I'm encountering an issue when evaluating the `google/codegemma-7b-it` model using `evalchemy`.

**Problem Description:**
When running evaluations for `google/codegemma-7b-it`, all the resulting metrics consistently show a value of 0.0, regardless of the dataset or evaluation setup.
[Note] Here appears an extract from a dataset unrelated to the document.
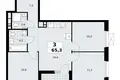 3 room apartment 65 m² poselenie Sosenskoe, Russia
This suggests that the model might not be generating valid outputs or that there's an issue with how its outputs are being processed and scored by `evalchemy`.

**Steps to Reproduce:**

1.  Evaluation script
    ```bash
    CUDA_VISIBLE_DEVICES=0 python -m eval.eval \
      --model vllm \
      --tasks "LiveCodeBenchv5_official,HumanEval,HumanEvalPlus,MBPP,MBPPPlus,CruxEval,CodeElo,BigCodeBench" \
      --model_args "pretrained=/personal/opensource/models/codegemma-7b-it,tensor_parallel_size=1" \
      --batch_size 64 \
      --max_tokens 2048 \
      --apply_chat_template True \
      --output_path logs
    ```
2.  Observe the evaluation results. All metrics are reported as 0.0, except CruxEval.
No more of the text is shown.